I believe you're right Dave. I've got a book showing it located in the middle of the aisle, right in front of the tailplane spar.

Geo


----------



## Marcel (Nov 2, 2014)

Should have posted this thread in the aviation section as it all fits in there. Ah well....

Want to finish the part about the lancaster excavation near my house.
Pictures of the engines.


























Supercharger:





Parachute of sgt Keogh. Sadly not used.


----------



## Gnomey (Nov 2, 2014)

Interesting stuff Marcel!


----------



## Marcel (Nov 8, 2014)

Talked to the guy who found out about the aircraft at my work. He's willing to share the data he has. We're planning on writing an article in the company's magazine. We would like them to authorise a small excavation, so we could identify the aircraft. The area which gives a good signal is 15 by 6 meters. It's possible to make a narrow hole at a specific spot to retrieve some material, hopefully with some serial numbers on it. At least we could identify what aircraft it is. Up until now, no records have been found about a lost single engined aircraft at that spot in that timeframe. Any suggestions are welcome. When I know more, I'll start a thread about it in the aviations section.


----------



## stona (Nov 8, 2014)

Here's the position of the Elsan, much as described by the gentlemen above.







Only ever used as a last resort 

Cheers

Steve


----------



## Marcel (Nov 8, 2014)

Thanks, I found it on my own drawings as well  It was described that while over the target, the content of the Elsan was sometimes added to the released bomb load. Quite effective I think


----------



## bobbysocks (Nov 11, 2014)

lol...i have one of those extendable masts for a dingy! of all the things my dad brought home i could never figure out why he wanted that. i use it for various things at my summer camp...still works fine.


----------



## Marcel (Dec 9, 2014)

Looks like my company is not interested to publish an article. 
They say they don't want to have archeologists to dig for it as it will damage the structure off the soil (we're a vegetable seed company). Thus they also don't want to give any attention to it in the company magazine as they want to keep it secret. 
I told them that as it had been on the newspaper, there 'secret' was already in the open and that ignoring the fact would not make it go away. This in more friendlier words of course.


----------



## Capt. Vick (Dec 9, 2014)

That sucks


----------



## GrauGeist (Dec 9, 2014)

Unfortunately, not everybody shares our passion for aircraft history...


----------



## Airframes (Dec 9, 2014)

A typical capitalist-type reaction. As for damaging the soil, the oils, metals, salts and other nasty materials of the wreck are probably doing more damage to the soil, as they degrade and leech into the sub-soil.

Reactions: Bacon Bacon:
1 | Like List reactions


----------



## Marcel (Dec 9, 2014)

Yup, that's what I thought. Unfortunately I cannot say that. If I want to get though, I'll have to use all my diplomatic skills.

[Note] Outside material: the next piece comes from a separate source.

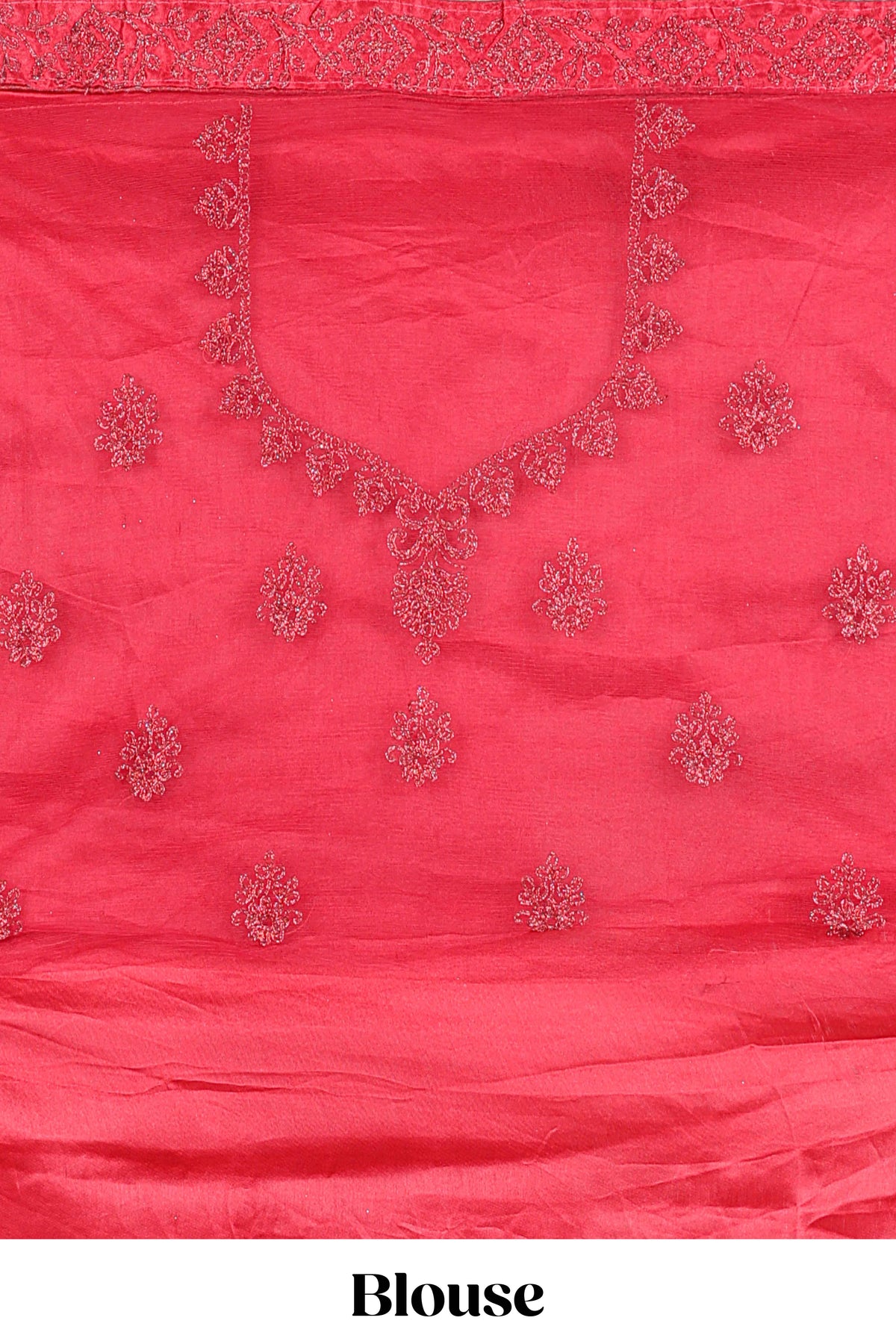 Bright red net lehenga intricate embroidery and  paired with a matching embroidered blouse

But it's stupid that they want to keep it quiet as it has already been in the newspaper and the local government is planning on putting an info-sign at the location. Keeping it silent will not take the problem away.


----------



## herman1rg (Dec 9, 2014)

I agree with Terry


----------



## DBII (Dec 9, 2014)

Good thread.

DBII


----------



## GrauGeist (Dec 9, 2014)

Perhaps not so much of a "capitalist" thing as it is the fear of losing control of the area to be excavated, especially if something significant were found?

If they don't permit any digging, then things remain "status quo" and perhaps hope that by ignoring what may be under there will make it go away.


----------



## bobbysocks (Dec 9, 2014)

secretly solicit someone outside of the company to start a petition and make some noise to the newspapers that this site should be a monument....


----------



## Gnomey (Dec 9, 2014)

That sucks Marcel.


----------



## Marcel (Dec 11, 2014)

You know, I didn't ask them to allow the excavation, all I wanted is write an article about this young, unknown airman that died on our soil. I think it is a shame that they don't want to cooperate.

They found a new excuse for me. On my last email they answered that "this subject is not specific for the company and the magazine is meant for the communication in the company. We have plenty more better stories to tell which would interest people more than this and there is at the moment no room to place the article."


----------



## GrauGeist (Dec 11, 2014)

This part of the statement: _"...We have plenty more better stories to tell which would interest people more than this..."_ is really effed up.


----------



## Marcel (Dec 11, 2014)

Yup, didn't want to loose my temper, so didn't answer back, yet.


----------